- **What needs to be done**: In the listing below, the lines from the first through the one with "Portafoto 12x17 in colori assortiti" are to be copied word for word.
[Opening Provided material section]
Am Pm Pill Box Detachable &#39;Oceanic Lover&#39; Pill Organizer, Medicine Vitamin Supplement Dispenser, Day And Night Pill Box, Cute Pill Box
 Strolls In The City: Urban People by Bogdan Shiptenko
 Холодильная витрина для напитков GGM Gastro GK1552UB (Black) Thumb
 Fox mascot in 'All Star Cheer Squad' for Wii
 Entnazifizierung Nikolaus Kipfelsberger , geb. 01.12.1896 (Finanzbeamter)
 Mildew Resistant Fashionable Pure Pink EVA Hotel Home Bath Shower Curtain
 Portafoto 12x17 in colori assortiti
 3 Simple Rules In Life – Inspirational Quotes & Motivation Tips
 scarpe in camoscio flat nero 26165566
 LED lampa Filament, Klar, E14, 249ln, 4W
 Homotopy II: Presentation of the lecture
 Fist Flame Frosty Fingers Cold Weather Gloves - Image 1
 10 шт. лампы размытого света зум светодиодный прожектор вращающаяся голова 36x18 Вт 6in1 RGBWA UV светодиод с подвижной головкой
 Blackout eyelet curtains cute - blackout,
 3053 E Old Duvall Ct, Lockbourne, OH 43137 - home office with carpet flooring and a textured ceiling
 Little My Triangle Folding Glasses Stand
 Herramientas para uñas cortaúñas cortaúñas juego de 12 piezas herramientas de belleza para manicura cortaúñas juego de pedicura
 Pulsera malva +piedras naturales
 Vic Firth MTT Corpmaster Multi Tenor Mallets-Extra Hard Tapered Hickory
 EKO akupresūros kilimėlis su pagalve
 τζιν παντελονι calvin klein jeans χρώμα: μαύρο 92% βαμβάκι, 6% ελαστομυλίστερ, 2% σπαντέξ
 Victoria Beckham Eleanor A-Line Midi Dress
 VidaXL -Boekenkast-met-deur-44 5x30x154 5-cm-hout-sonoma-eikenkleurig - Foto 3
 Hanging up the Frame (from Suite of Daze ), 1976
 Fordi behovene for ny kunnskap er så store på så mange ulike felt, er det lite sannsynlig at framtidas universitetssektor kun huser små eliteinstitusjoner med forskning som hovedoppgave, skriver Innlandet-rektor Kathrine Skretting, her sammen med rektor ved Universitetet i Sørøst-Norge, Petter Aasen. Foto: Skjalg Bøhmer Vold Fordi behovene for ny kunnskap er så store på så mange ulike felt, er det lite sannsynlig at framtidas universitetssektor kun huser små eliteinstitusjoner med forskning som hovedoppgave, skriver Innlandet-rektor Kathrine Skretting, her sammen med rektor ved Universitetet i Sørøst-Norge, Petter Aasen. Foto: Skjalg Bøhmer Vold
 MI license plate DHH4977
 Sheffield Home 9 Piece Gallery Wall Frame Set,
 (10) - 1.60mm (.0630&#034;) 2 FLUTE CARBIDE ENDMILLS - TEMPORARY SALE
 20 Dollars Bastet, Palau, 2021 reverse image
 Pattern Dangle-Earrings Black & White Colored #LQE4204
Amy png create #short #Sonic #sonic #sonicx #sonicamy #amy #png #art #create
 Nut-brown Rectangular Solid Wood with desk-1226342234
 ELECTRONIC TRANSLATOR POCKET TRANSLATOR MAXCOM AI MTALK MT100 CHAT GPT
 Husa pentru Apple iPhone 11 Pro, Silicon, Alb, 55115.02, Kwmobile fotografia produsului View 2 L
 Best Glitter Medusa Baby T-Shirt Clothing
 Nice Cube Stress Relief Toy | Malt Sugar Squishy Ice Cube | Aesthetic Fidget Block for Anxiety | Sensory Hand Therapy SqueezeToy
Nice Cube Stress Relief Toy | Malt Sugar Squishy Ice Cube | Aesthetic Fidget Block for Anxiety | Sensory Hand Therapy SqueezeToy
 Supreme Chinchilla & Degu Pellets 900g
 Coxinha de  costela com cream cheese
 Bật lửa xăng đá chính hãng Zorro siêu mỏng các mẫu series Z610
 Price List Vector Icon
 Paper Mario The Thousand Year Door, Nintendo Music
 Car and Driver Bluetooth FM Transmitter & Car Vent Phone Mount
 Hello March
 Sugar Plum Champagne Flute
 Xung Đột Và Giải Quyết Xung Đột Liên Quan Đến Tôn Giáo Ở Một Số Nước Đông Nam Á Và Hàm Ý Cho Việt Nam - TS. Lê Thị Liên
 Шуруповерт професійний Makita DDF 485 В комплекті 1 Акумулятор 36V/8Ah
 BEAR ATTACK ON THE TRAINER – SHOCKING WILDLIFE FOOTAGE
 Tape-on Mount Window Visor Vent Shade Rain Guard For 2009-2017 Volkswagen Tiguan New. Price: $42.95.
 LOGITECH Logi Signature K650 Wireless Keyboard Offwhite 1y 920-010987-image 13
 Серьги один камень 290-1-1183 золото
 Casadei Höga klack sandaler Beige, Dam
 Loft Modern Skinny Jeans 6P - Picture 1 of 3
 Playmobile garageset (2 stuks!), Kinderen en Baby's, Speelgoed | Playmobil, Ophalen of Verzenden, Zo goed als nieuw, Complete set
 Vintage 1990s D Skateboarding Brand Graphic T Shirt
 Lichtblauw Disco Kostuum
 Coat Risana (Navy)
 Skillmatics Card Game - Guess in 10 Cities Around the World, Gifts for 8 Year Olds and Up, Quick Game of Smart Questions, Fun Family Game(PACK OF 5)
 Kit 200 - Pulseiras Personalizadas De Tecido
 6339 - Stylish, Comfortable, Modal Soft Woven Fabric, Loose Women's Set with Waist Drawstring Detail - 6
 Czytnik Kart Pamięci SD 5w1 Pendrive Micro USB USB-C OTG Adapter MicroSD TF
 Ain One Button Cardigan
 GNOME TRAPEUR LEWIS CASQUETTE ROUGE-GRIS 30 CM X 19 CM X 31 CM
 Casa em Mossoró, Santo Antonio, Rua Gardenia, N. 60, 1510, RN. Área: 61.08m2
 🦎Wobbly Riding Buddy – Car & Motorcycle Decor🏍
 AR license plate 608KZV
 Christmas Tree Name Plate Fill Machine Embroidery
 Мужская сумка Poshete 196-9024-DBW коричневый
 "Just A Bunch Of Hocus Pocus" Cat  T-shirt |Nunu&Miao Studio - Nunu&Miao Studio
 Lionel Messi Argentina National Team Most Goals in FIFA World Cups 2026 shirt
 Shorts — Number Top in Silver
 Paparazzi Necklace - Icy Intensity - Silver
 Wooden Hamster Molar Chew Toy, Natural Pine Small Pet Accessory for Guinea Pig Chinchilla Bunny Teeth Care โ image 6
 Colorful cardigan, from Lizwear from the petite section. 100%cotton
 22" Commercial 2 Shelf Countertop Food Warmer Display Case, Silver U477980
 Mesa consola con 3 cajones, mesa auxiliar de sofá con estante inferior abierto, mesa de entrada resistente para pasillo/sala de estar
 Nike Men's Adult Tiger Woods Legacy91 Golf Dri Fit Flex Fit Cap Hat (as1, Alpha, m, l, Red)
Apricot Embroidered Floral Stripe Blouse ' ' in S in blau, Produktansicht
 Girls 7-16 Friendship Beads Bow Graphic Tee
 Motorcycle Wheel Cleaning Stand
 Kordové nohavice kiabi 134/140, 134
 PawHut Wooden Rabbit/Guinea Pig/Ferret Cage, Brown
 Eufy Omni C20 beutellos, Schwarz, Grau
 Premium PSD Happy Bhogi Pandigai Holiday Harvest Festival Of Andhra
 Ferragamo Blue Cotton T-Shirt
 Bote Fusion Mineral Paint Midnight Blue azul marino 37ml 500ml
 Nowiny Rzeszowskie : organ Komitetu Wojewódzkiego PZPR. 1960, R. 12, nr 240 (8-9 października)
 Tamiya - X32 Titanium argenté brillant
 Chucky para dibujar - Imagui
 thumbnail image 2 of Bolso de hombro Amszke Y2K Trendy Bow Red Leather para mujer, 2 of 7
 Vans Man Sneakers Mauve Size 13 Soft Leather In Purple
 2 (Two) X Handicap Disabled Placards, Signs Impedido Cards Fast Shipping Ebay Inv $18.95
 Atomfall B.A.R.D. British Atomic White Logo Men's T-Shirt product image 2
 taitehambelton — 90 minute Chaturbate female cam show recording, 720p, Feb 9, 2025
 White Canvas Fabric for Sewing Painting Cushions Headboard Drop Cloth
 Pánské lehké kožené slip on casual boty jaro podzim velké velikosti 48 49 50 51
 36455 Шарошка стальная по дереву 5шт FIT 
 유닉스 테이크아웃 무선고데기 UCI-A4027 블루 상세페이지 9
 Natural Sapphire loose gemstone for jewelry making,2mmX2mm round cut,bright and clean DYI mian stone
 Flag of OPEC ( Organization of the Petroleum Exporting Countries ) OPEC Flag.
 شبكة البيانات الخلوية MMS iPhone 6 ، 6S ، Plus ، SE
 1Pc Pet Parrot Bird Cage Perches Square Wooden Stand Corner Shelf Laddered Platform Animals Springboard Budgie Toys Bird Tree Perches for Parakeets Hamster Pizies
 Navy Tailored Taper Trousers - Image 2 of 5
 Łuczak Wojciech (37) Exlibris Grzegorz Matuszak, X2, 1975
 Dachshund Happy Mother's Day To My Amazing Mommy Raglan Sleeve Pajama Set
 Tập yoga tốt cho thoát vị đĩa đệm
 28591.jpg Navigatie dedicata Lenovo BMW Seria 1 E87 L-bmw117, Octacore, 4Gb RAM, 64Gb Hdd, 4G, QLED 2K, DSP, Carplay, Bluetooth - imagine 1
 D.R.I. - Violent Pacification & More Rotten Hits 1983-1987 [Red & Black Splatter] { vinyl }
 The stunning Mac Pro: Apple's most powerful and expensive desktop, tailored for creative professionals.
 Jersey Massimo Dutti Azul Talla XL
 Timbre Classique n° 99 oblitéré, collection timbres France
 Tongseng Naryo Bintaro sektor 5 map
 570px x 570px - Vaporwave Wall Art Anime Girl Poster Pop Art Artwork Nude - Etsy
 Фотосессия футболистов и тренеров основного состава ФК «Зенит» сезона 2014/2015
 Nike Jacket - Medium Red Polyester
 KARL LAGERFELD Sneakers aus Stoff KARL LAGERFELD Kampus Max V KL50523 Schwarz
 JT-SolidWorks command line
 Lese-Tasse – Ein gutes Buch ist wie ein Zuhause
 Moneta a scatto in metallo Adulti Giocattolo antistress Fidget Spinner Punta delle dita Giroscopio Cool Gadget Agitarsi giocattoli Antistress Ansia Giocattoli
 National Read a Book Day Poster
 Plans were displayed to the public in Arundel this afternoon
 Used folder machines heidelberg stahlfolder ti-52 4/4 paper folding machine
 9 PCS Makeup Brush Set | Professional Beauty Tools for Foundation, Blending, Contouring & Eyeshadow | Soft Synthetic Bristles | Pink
[Closing Provided material section]
- **Written response**:
Am Pm Pill Box Detachable &#39;Oceanic Lover&#39; Pill Organizer, Medicine Vitamin Supplement Dispenser, Day And Night Pill Box, Cute Pill Box
 Strolls In The City: Urban People by Bogdan Shiptenko
 Холодильная витрина для напитков GGM Gastro GK1552UB (Black) Thumb
 Fox mascot in 'All Star Cheer Squad' for Wii
 Entnazifizierung Nikolaus Kipfelsberger , geb. 01.12.1896 (Finanzbeamter)
 Mildew Resistant Fashionable Pure Pink EVA Hotel Home Bath Shower Curtain
 Portafoto 12x17 in colori assortiti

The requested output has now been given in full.